- Role-playing exercise 1: You and your friends have been together for a while as a band and you play around your area for weddings and other parties. You find out that while you were playing at your last party, one of those who attended taped your performance and is selling CDs of your music and has also uploaded MP3 files of your songs to his website and is selling the tracks to people who want to download them. Your band’s name—and all of the performers—are, however, identified on the CD and online.
➢ Do you feel thrilled that someone likes your music enough to have taped it and that others like it enough to buy it? Or do you feel like your musical creations have been exploited by someone else for his own profit?

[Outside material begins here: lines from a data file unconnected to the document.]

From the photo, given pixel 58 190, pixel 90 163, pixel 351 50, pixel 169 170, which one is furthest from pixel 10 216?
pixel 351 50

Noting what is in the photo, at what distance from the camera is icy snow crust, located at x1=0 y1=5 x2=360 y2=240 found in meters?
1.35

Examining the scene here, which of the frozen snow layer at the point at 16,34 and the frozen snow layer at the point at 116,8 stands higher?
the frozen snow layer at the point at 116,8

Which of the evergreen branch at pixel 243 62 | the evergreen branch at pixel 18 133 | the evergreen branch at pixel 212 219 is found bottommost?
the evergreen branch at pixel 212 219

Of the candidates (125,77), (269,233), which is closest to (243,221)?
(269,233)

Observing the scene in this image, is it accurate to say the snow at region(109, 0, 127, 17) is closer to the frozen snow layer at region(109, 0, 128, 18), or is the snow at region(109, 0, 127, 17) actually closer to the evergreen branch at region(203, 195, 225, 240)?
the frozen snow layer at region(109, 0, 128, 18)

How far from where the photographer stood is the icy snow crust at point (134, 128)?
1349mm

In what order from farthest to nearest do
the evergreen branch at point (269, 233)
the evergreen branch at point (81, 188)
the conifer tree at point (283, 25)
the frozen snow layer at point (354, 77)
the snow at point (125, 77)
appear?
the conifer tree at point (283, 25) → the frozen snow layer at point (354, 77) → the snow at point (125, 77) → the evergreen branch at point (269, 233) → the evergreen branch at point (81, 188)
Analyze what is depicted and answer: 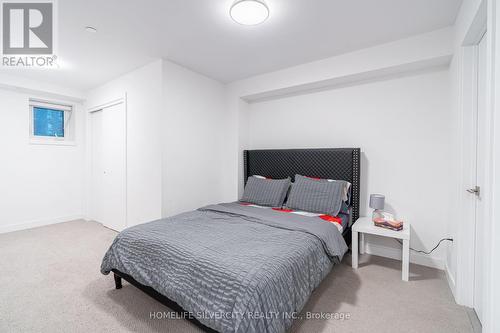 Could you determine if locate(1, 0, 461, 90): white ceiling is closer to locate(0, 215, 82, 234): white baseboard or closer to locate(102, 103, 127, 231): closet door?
locate(102, 103, 127, 231): closet door

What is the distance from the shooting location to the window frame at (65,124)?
3915mm

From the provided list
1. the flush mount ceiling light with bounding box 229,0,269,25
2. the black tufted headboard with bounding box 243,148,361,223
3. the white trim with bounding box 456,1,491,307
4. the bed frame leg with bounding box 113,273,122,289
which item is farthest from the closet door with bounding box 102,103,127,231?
the white trim with bounding box 456,1,491,307

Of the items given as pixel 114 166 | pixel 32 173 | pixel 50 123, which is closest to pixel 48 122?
pixel 50 123

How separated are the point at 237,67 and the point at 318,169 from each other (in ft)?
5.98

➢ You decide to go visit him and ask him to pay you for his use of your music. He laughs in your face and says that you weren’t bothering to sell it yourself and he is making you famous—that you should pay him as your agent. Do you agree?

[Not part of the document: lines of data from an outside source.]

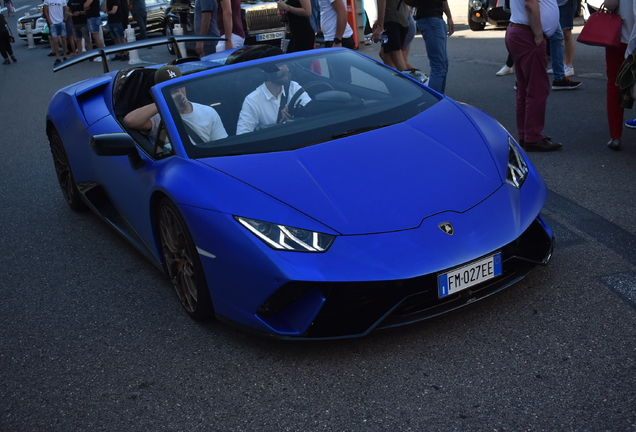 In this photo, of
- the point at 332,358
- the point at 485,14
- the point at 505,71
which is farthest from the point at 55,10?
the point at 332,358

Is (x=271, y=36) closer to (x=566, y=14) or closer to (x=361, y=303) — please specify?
(x=566, y=14)

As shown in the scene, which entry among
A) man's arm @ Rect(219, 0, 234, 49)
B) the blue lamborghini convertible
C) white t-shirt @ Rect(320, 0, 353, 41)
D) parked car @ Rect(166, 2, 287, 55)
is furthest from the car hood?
parked car @ Rect(166, 2, 287, 55)

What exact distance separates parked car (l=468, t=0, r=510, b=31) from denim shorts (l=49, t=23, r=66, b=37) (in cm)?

➢ He then says I know that you have music CDs of several major musicians that have been pirated, and music on your MP3 player that has been illegally downloaded. In other words the famous musicians playing on those CDs and tracks are not getting paid by you for their music. He tells you: “I’m just doing to you, what you’ve done to others.” What do you say?
➢ Should people own the rights to what they create?
- Role-playing exercise 2: Consider that the students in the class are all editors at a local newspaper or television station. The most prominent football player on the national team has been spotted by one of your reporters at a private party with a popular music star. The reporter was not at the party on assignment—he just happened to be there and saw the football player and the music star together. The reporter surreptitiously took several photos of the couple dancing. The reporter returns to the newsroom and you have to decide whether to use the images or not—and if so, which one to run.
➢ Because both the man and the woman are often in the public eye and are public figures can you invade their privacy by running an intimate photo of them?
➢ Because the party was private should that make a difference to whether you decide to publish an image—then, say, if the couple had been walking down a public street?
➢ Would it make a difference if you knew that the couple was engaged to each other? What if the couple was married to each other? What if the man and woman were married to other people?
➢ Would it make a difference if the photographs were not of anyone famous, but were photographs of a very attractive regular couple? Would you feel differently about publishing photos that would invade their privacy then? Why or why not?